Sunday, October 13, 2013

The dustup in Nowthen between the city officials and the winery, over winery events and scope of a business permit.



This post is here because of noticing an ABC Newspapers Letter, authored by a friend, Laurie Olmon (this link, search "Goose Lake" on the page to find the item). For reporting providing a context, Strib, here, Shannon Prather writing.

(Coincidently, please pardon the digression, but Prather also has written recently of East Bethel about to impose a good honest straightforward levy-based tax increase without any franchise fee mischief/nonsense, at least as reporting goes for this dance. Worth a look, " ... bond payments coming due," but keep to the main thread of this post for now please. Of all things, the contention appears to be the prior council hamstrung the present one, etc. Met Council, of all things, mentioned. This quote within the item, "Unfortunately, this just serves a very small area,” Davis said. “It’s a mile and a half along 65. It doesn’t serve a residential area. It serves a commercial area.”)

Back to the winery situation. From Prather's report, Strib's headlining italicized:

Nowthen winery faces showdown with city over hosted events
By: SHANNON PRATHER , Star Tribune - Updated: Feb. 12, 2013 - 4:09 PM
Someone noticed that the family business was sponsoring events that the city of Nowthen claims violate their special-use permit.



Relying on her family's roots in winemaking and her own background in horticulture, [Cindy] Ohman transformed a cornfield in the city of Nowthen into acres of grapevines, fruit trees and berry bushes, and she opened Anoka County's first winery in 2004.

Today, Goose Lake Farm & Winery offers visitors nearly 50 varieties of wines. It has become a destination for wine tastings, a seasonal artisan and farmers market, and a site for intimate weddings and other summer gatherings.

But the Ohmans now face a showdown with the city, which says the winemakers have violated the terms of their conditional-use permit. The city attorney contends that the Ohmans are allowed to sell wine, and that's it -- that all the events, including weddings, seasonal markets and harvest celebrations, are violations of their permit.

The city is demanding that the Ohmans apply for an additional permit that outlines the winery's seasonal events and go through another public hearing.

After several terse exchanges and fearful that the city is overreaching, the Ohmans have hired an attorney. Ohman said that the city doesn't understand Minnesota's emerging winery business and that it is punishing Goose Lake for simply marketing and selling wine. She said creative tasting events are critical to sales because many wine connoisseurs are unfamiliar with Minnesota wines.

"This is about the experience. You can taste and shop and walk around the farm," Ohman said. "You will see that's what wineries are doing. We are not a liquor store."

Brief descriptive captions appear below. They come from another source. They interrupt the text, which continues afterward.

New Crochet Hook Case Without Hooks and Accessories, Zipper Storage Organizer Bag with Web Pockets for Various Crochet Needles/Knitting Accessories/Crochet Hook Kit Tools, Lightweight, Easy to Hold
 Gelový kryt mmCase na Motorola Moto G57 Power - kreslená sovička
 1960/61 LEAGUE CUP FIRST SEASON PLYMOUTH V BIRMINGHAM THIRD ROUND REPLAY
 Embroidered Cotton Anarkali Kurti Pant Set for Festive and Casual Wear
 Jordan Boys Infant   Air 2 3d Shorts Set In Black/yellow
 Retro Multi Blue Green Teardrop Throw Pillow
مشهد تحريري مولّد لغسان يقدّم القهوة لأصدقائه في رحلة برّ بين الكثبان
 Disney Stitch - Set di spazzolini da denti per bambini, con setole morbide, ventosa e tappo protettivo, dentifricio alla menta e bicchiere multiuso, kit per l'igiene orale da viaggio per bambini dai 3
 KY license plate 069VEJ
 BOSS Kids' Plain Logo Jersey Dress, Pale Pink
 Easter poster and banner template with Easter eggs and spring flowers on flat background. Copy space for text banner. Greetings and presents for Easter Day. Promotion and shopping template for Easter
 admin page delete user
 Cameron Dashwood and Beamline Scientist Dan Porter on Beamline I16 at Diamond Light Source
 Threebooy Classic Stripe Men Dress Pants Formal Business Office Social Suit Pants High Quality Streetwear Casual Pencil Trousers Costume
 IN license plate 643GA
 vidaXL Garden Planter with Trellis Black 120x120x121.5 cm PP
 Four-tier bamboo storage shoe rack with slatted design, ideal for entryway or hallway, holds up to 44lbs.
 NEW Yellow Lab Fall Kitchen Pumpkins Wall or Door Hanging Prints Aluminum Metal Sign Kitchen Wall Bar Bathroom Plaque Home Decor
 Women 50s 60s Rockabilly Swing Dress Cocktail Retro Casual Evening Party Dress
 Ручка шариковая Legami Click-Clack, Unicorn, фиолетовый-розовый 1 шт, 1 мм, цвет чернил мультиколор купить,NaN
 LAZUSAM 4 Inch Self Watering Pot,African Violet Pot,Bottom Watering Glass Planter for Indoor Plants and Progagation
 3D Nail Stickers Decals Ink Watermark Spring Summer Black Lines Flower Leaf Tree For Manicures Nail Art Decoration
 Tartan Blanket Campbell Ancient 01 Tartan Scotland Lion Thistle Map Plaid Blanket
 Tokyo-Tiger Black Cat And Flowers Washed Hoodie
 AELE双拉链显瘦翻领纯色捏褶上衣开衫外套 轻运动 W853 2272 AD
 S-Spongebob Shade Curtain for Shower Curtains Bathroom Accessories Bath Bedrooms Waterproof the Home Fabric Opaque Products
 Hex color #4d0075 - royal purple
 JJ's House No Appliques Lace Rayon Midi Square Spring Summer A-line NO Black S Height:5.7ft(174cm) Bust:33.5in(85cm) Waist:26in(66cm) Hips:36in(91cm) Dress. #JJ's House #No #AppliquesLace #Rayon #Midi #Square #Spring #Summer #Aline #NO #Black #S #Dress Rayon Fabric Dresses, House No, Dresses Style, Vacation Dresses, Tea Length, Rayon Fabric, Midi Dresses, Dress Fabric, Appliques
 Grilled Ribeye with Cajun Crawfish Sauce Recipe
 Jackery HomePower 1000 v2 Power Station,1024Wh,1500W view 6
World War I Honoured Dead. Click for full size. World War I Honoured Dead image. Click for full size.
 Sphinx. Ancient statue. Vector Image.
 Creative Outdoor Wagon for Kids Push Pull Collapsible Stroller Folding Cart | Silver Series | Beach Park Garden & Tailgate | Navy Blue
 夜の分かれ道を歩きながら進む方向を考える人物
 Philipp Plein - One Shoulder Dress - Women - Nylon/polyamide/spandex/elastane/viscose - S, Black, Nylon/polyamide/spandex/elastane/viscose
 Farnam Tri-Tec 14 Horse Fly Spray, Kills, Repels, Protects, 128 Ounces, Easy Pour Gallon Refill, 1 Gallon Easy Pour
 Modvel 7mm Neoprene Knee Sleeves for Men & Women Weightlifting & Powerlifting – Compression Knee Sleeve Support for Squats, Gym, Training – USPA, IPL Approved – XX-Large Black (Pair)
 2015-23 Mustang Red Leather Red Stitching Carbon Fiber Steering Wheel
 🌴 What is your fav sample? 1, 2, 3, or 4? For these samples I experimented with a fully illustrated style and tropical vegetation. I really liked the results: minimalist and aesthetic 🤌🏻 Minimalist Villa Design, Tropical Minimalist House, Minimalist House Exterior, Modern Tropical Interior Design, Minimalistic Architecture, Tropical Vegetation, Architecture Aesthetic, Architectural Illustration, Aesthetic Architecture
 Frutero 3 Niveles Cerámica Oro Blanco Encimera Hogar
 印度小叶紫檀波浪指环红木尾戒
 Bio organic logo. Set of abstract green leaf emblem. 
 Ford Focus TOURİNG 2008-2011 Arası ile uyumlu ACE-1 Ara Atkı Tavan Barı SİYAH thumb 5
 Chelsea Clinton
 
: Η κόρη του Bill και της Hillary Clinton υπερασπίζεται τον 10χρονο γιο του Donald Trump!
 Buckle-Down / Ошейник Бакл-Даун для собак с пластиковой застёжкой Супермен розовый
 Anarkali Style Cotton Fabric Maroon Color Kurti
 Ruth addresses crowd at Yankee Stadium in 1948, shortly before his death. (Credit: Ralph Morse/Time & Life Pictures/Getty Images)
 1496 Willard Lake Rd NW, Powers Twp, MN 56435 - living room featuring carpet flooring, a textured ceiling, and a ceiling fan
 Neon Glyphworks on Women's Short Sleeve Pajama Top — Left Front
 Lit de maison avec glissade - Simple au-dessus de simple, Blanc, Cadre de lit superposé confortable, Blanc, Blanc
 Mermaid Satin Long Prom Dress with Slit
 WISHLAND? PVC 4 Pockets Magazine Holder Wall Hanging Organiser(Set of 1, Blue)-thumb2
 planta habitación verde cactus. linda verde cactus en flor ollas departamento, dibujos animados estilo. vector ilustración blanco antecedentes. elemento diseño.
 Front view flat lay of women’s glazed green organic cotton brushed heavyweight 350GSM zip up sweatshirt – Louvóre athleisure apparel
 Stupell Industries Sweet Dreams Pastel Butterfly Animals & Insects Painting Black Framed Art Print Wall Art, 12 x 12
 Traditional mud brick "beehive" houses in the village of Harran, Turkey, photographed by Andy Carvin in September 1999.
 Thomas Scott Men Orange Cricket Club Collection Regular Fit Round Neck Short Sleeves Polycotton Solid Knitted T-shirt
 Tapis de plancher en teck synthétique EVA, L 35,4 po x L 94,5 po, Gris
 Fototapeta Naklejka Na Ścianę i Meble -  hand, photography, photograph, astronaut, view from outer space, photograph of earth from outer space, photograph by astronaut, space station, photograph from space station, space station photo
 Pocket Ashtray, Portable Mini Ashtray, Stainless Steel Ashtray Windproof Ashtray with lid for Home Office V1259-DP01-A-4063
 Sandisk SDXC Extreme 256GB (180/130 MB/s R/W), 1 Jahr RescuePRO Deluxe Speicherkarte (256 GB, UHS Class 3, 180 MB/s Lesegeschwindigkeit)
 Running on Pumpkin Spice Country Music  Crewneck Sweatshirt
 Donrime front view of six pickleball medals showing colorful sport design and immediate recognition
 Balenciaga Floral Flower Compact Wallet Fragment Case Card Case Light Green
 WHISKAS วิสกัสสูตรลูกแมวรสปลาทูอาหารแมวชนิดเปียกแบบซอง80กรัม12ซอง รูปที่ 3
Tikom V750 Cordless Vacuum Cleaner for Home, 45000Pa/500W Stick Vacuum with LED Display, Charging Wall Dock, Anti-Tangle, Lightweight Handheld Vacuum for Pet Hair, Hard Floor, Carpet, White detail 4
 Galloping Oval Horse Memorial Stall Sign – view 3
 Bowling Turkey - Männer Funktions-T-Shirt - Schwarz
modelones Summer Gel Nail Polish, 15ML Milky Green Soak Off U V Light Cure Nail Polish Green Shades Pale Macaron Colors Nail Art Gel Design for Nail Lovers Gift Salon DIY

Nowthen Mayor Bill Schulz is complimentary of the winery. He acknowledges that he's attended a dinner and tasting event there. But the bottom line, he says, is that the Ohmans need to comply with the ordinance, which requires more permitting and a public hearing.

Note: ABC Newspapers online letter writer, Laurie Olmon, is a separate person from Cindy Ohmon in the reporting. My understanding being Laurie has no personal stake in the winery's marketing effort, and that there is a name coincidence without kinship. I presume Laurie would have disclosed if kinship was at all at play.

WOW! Officiousness vs. private sector initiative, the stuff of which a seven to ten thousand page Ayn Rand novel could be tediously written.

It appears this thing is more a groundless spite fight than a need for some minor incremental town revenue. If that, it sucks. "Stick to real town business, please," seems the best advice for town officials at this point. Yet I keep an open mind and any advocate of the Nowthen town's position can write and submit a counterpoint post, which I would be willing to publish, here at Crabgrass.

Further links of interest: Here, here, here and here. I have never been to this particular site's tastings and farmers markets, and I dislike sweet wines preferring red cabs and such, but I understand the genre and note the farmers market thing has been embraced by Ramsey officials as a Town Center thing of merit (among the few and far between).

Even a village idiot, these days, must understand that wine tastings are an integral part of winery marketing, nationwide, with this marketing effort in Nowthen being no different from longer running more established practices I knew in past decades while living in Washington State, which has a thriving wine agri-industry.

Why in the world are those Nowthen politicians being so foolishly anti-business? It defies logic.

They must be taking stupidness pills. Over time. On a regular basis.